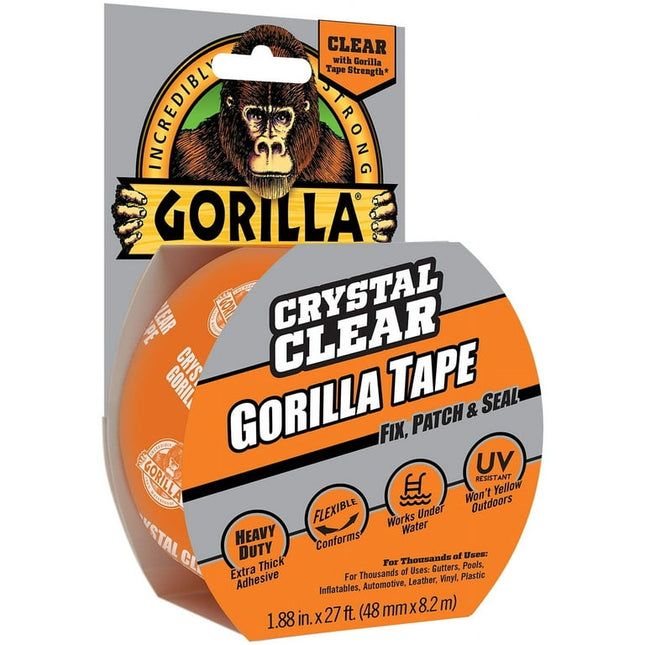 Gorilla Glue Crystal Clear Tape, 1.88 inch x 27 ft Roll. Assembled Product Weight is 0.258 lb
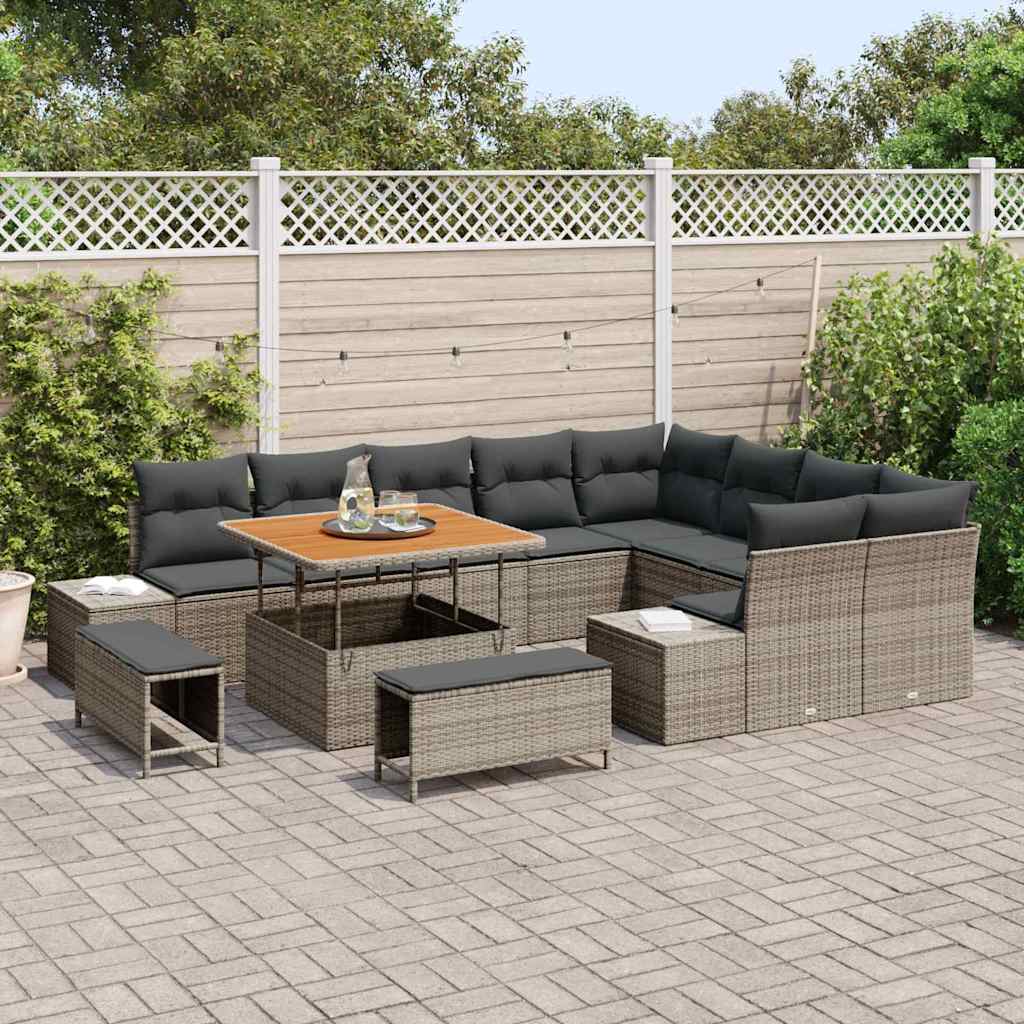 Havesofa Sæt med pude 12 pcs Grå polyrattan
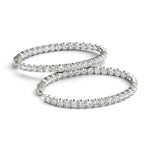 18K White Gold Diamond Inside Out Hoop Earrings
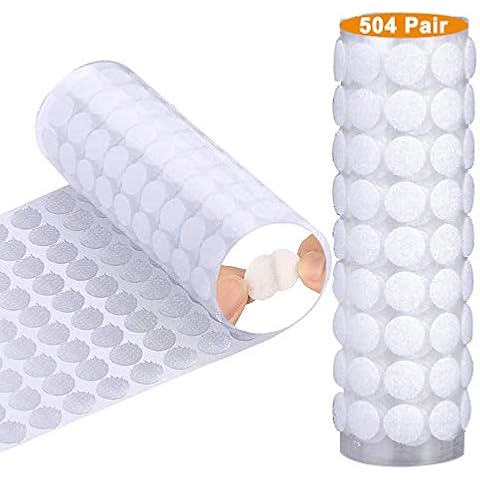 Hook and Loop Dots 10mm Self Adhesive,NOCHME 1008pcs/ 504 Pairs Waterproof Double Sided Strong Sticky Back Coins Dots for DIY Crafts,Hook and Loop Tapes for Floor,Glasses,Metals,Paper, Leather, White Cover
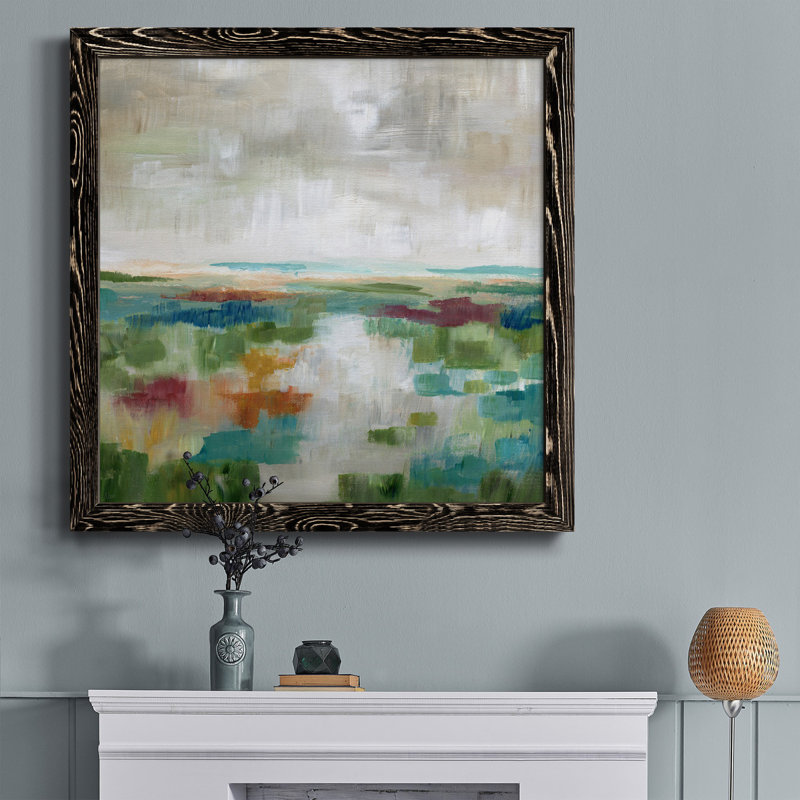 «Spring Wood I», peinture sur toile encadrée, H 27,5 po x l 27,5 po x P 1,5 po, Cadre en érable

★ ★ ★ ★ ★ ★ ★

WHAT YOU SHOULD DO: Output all the records above again exactly, with the pictures dropped.

FINISHED TASK:
 Gorilla Glue Crystal Clear Tape, 1.88 inch x 27 ft Roll. Assembled Product Weight is 0.258 lb
 Havesofa Sæt med pude 12 pcs Grå polyrattan
 18K White Gold Diamond Inside Out Hoop Earrings
 Hook and Loop Dots 10mm Self Adhesive,NOCHME 1008pcs/ 504 Pairs Waterproof Double Sided Strong Sticky Back Coins Dots for DIY Crafts,Hook and Loop Tapes for Floor,Glasses,Metals,Paper, Leather, White Cover
 «Spring Wood I», peinture sur toile encadrée, H 27,5 po x l 27,5 po x P 1,5 po, Cadre en érable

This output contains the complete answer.